I also had several deep pockets. The worst one measured 6. One or 2 is considered good.
I got a couple of crowns to replace those decayed molars, and I got my teeth cleaned. My next appointment for cleaning was in 4 months. I was told to floss once daily and brush twice daily.
I vowed that I would floss every day. And I did. (I still usually just brush once, and again only if needed.)
Working with nutritionist/acupuncturist Olivia Honeycutt at Merritt Wellness, who was having me take Organically Bound Minerals, I also tightened my diet up — no grain, dairy, or sugar.
When I went back four months later, the hygienist barely had any scraping to do because I had hardly any tartar.
I told her I’d stepped up to the plate on the flossing and was working with a nutritionist to reduce inflammation throughout my body.
The pocket that measured 6 now measured 4. Others had decreased as well, and none had increased. The hygienist was impressed enough to let me skip the scaling I was scheduled for. I’ve never had this done, but it didn’t sound appealing at all, so whew. Close call. I also saved $60.
I go back in four months. I vowed to do all I can to get all my pockets in the 1-2 range. That means flossing every day, of course, and continuing to work on reducing inflammation with my diet.
I added something new to my strategy: I put a drop of tea tree oil on my finger and run the floss through it, except for the ends. Then I floss.
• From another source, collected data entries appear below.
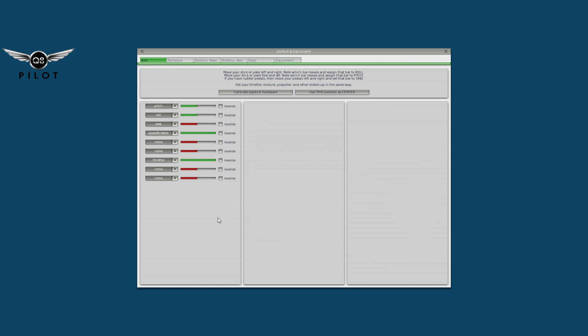I used to use the SAITEK rudder control but it recently gave up on me, so now I'm using the rudder control built into my X-52 stick. You move it left and right until you get the green color, meaning your joystick is configured. Everything is now set and all my equipment is ready for flight.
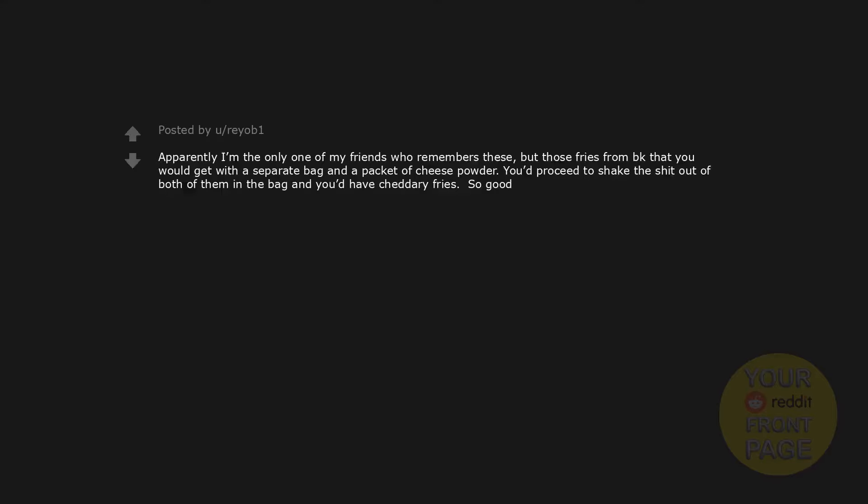Volcano Sauce from Taco Bell. Taco Bell's Spicy Tostada. PB Max. Pre-2010 Spree created a Valentine's Candy Heart for one single Valentine's Day. I have never been able to find the Spree Candied Hearts on any website, but I know they exist. There was heroin in those hearts. I still think about them 15 years later. If someone could contact Spree for me and tell them that I will pay obscene amounts of money for two bags of those Spree Candied Hearts. Please, they were so good. Apparently I'm the only one of my friends who remembers these, but those fries from BK that you would get with a separate bag and a packet of cheese powder. You'd proceed to shake the shit out of both of them in the bag and you'd have cheddary fries. So good.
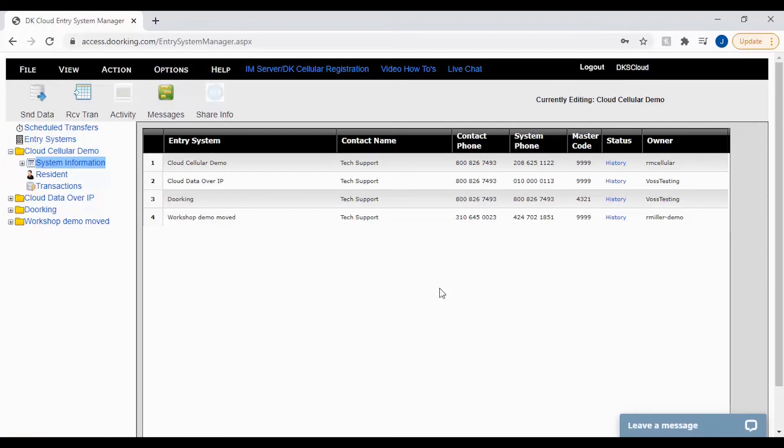Congratulations, you have now successfully entered your first facility codes to your system. Now go ahead and check the unit to make sure the added facility codes are working at your card readers and receivers.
I make sure that I’m using clean floss between each pair of teeth and behind the back molars, so as not to spread bacteria.
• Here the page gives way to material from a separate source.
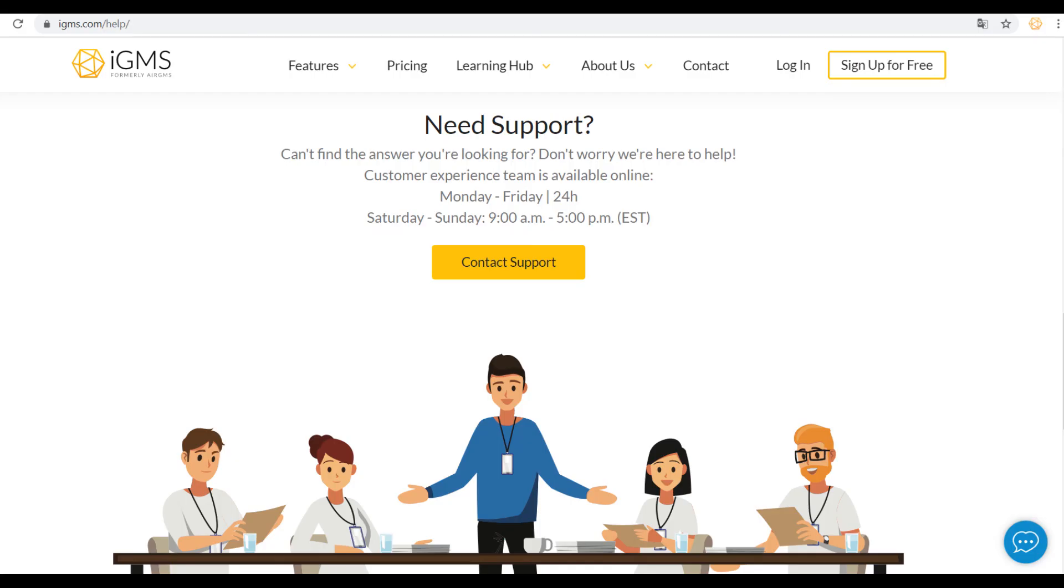If grayed-out dates persist when they shouldn't, please ask our Customer Experience team for assistance via email or chat.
Tea tree oil (melaleuca) is an essential oil that has anti-bacterial and anti-fungal properties. You can buy tea tree floss, toothpicks, mouthwash, and dental picks. I just happened to have some tea tree essential oil on hand and decided to make my own tea tree floss.
I can tell a difference already. One pocket that bled when I flossed did not bleed the next day. Other pockets that felt a bit tender seem to have healed. I take extra care to floss more where the gum feels tender or bleeds.
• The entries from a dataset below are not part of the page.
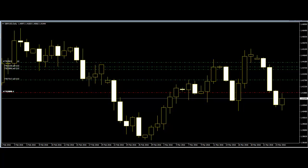Price action strategies don't rely on stochastic indicators or price divergence on oscillators like MACD. If traders learn to read and understand the language of price action, there is no need for fancy indicators. They will soon learn to trade profitably using nothing more than a single uncluttered chart.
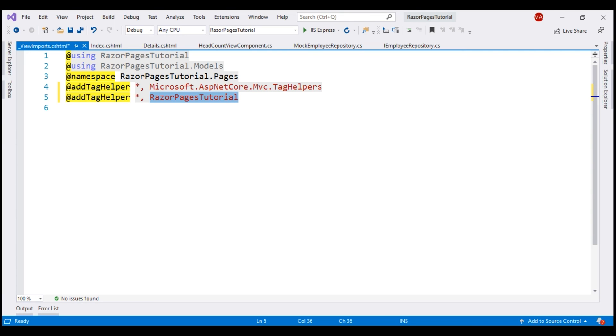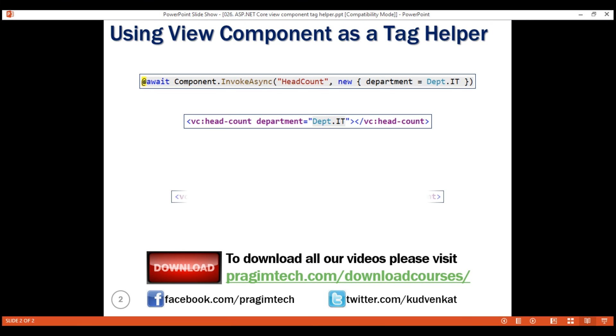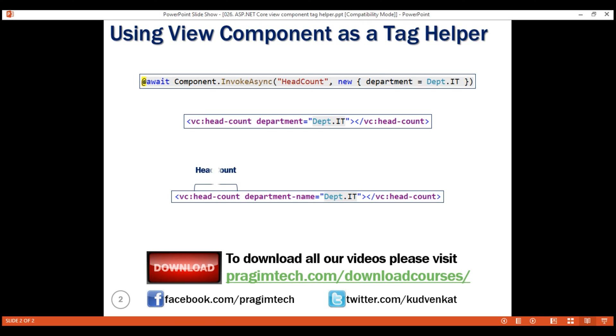With this in place, we can now invoke our ViewComponent as a tag helper. We use VC short for ViewComponent colon the name of the ViewComponent. Our ViewComponent name is headcount ViewComponent. Notice the word count starts with a capital letter, so in the tag helper, we separate the word that starts with the capital letter with a dash and then replace the capital letter with a lowercase letter and the same is true even for the parameter names. The parameter name here is department name and the word name again starts with a capital letter, so in the tag helper, it is separated with a dash and the uppercase letter N is replaced with a lowercase N.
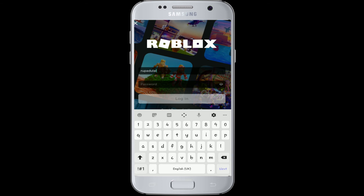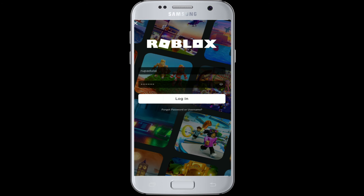Next, enter a valid password for your account. In case you've forgotten the password or your username, simply tap on 'Forgot Password or Username' right below the login button.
The only precaution is not to swallow tea tree oil. It is considered safe for oral use, but it probably kills some of the good gut microbes. It tastes rather medicinal. You could also put a drop on your toothbrush or on top of your toothpaste.
From a magazine for dental hygienists:
It was found that tea tree oil showed significant adhesion-inhibiting activity against P. gingivalis and was one of the oils to show strong antibacterial activity against periodontopathic and cariogenic bacteria. It was also found to be safe on cells that line the mouth.
I also use a special toothbrush I got from OraWellness. It’s called the Bass toothbrush. It’s a bit softer and smaller than most toothbrushes sold now and is good for brushing along the gum line, brushing those bad bacteria away. (Do you remember those red tablets they gave out in grade school way back when, so you could see where to brush? All along the gumlines.)
I use the traditional technique hygienists teach for brushing, followed by the Bass technique of brushing along the gumline.
I’ll post after my next dental visit to let you know how well my strategy worked.